TOMOKOです。昨年の春にやっと、小さな家が八ヶ岳に建ちました。いずれ終の棲家になる予定なのですが、まだ完全に移住することができず、当分は横浜の家と行ったり来たりの暮らしです。
だからこそ、時々訪れる八ヶ岳を新鮮な気持ちで見られるのかもしれないと思い、八ヶ岳便りを始めることにしました。
八ヶ岳は寒い!というイメージを誰もが持っているようなのですが、それは本当です。寒すぎて雪が降らないというのもどうやら事実らしいのですが、そのめったに降らない雪に今回は遭遇することができ、ラッキーでした。
前日の夕方から夜にかけて降り続いた雪は、深夜には止んでいました。すると今度は満点の星が輝き始め、その圧倒的な光景に言葉を失いました。ここは人工的な明かりの全くない場所ですから、星そのものの煌きが恐いくらい鮮明なのです。
その時、この地球の上にいるのは私一人だけ、というより自分が地球そのものになったような気がしたのです。そして私は宇宙と繋がっていました。時間も思考も停止し、説明のできない不思議な感覚に包まれていました。幸せでした。ただただ幸せでした。

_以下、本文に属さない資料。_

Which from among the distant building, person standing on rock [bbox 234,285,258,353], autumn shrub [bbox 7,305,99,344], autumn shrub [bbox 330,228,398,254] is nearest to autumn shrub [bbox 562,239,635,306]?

ああ、こんなに簡単に人は幸せになれるのだと私は驚き、いやそうではない、幸せであることに、今やっと気付けたのだと思いなおしました。
明けがた、富士山の向こう側が茜色に染まり始めました。深い藍色の空には新月に近い細い月。そのすぐそばにひときわ明るい金星。刻一刻と変わってゆく空の色。私は息を止めてカメラのシャッターを押し続けました。そして、あっという間に空は明るみ始め、家々の屋根やカラマツの枝に積もった雪に、透明な金色の光を投げかけてゆきます。それは息を呑むような美しい光景でした。

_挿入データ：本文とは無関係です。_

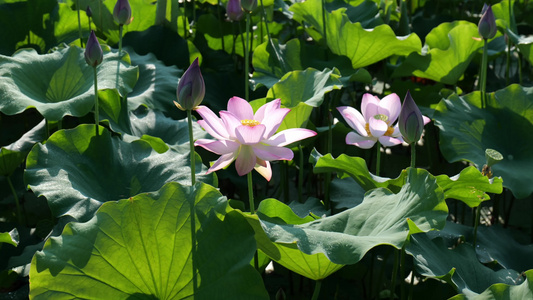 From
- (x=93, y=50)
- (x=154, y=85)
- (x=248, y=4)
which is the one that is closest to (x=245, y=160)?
(x=93, y=50)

私はとうとうカメラを持って、外に飛び出しました。すると私よりも先に歩いた足跡が・・・。そう、鹿の足跡です。それは坂を上り、やがて林の中に消えてゆきました。ここ八ヶ岳では農作物に被害を与える害獣とされている鹿ですが、こんな寒い雪の日に、鹿は一体どこで過ごしているのだろう、とつい気になってしまうのでした。

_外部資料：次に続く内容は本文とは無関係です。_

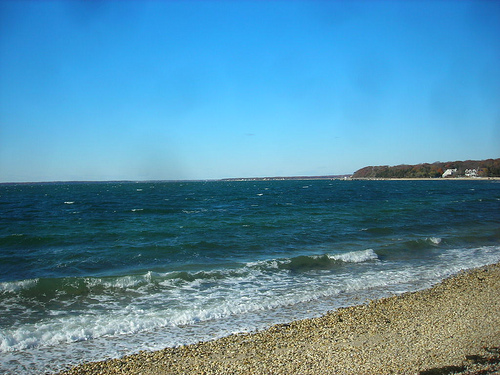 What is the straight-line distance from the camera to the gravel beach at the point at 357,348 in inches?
221

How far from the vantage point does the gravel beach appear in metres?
5.62

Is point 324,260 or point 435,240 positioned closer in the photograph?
point 324,260

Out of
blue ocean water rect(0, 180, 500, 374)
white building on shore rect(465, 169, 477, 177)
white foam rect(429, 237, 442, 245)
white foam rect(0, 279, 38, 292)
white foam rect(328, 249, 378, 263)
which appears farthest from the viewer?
white building on shore rect(465, 169, 477, 177)

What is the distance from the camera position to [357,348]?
6348mm

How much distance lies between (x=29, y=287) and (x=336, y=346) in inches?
375

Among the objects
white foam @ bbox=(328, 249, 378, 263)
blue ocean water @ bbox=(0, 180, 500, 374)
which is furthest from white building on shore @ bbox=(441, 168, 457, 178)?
white foam @ bbox=(328, 249, 378, 263)

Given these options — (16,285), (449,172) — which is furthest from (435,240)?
(449,172)

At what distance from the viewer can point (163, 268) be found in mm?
13633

さて、この地方の家は寒冷地仕様といって、寒さ対策は万全です。むしろ横浜の家よりも暖かく、過ごしやすいのには驚きました。南側に大きくとった窓からは太陽の光がたっぷりと入り、日中は暖房もいりません。まるで温室のような暖かさです。冬の間は庭仕事もないので、ゆっくりここで読書を楽しみたいと思います。
さあ、雪景色を眺めながら朝のコーヒーを飲みましょうか。